Assigned task >> Keep every word of the listing and reproduce it exactly, but set aside any image found there.

Recorded information >>
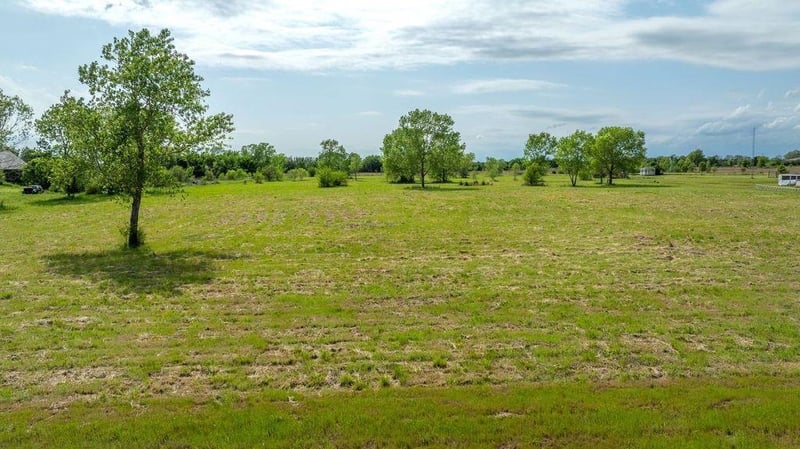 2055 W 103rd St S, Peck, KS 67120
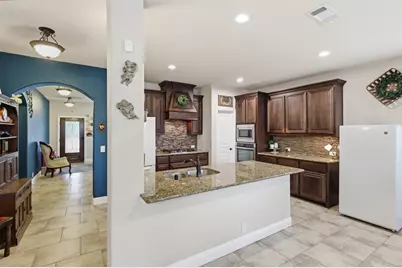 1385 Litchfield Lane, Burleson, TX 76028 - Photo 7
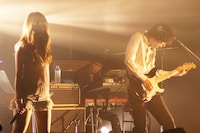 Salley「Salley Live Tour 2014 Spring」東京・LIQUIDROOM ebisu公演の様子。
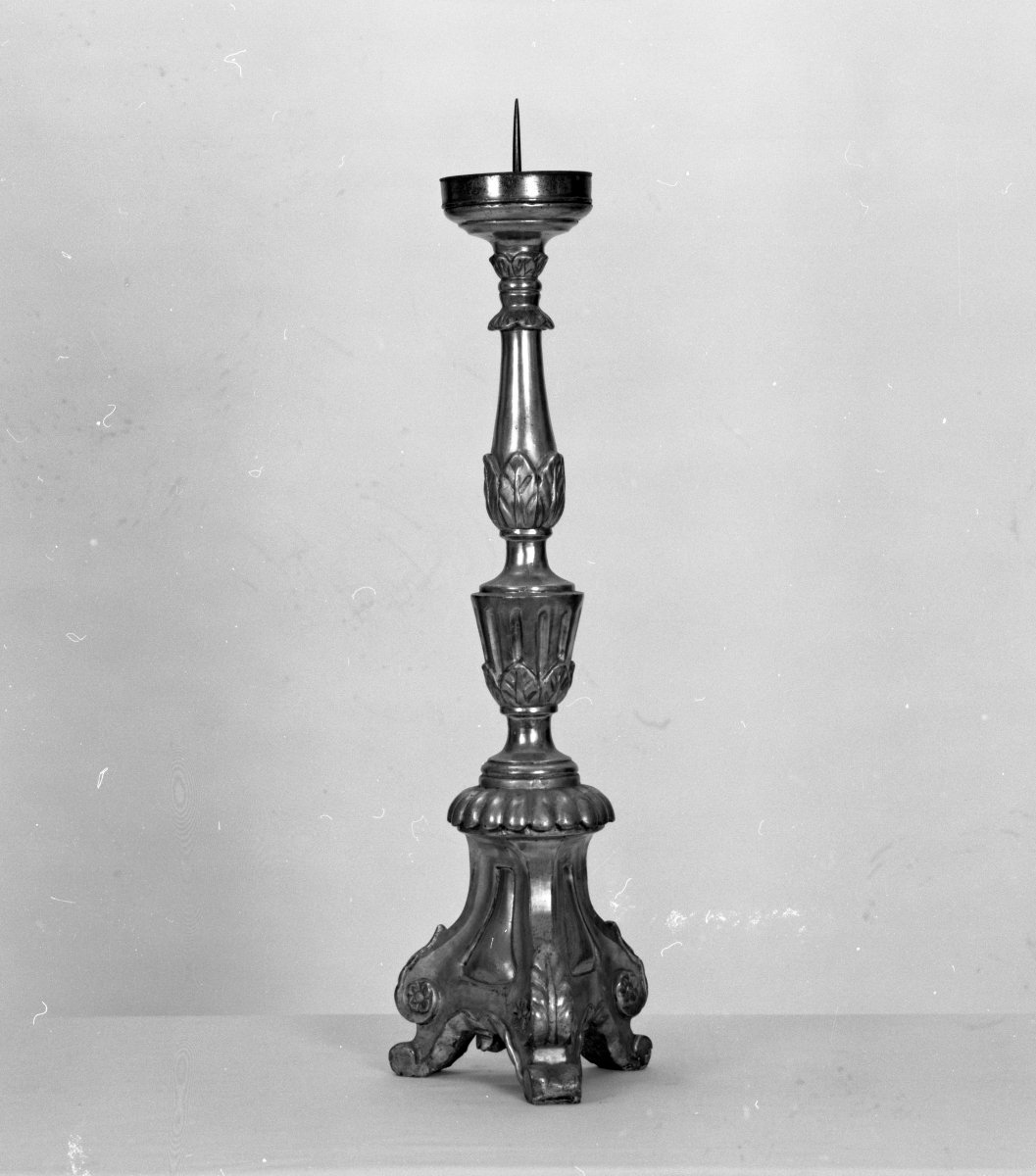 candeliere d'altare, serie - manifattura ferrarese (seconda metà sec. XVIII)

Solved exercise >>
 2055 W 103rd St S, Peck, KS 67120
 1385 Litchfield Lane, Burleson, TX 76028 - Photo 7
 Salley「Salley Live Tour 2014 Spring」東京・LIQUIDROOM ebisu公演の様子。
 candeliere d'altare, serie - manifattura ferrarese (seconda metà sec. XVIII)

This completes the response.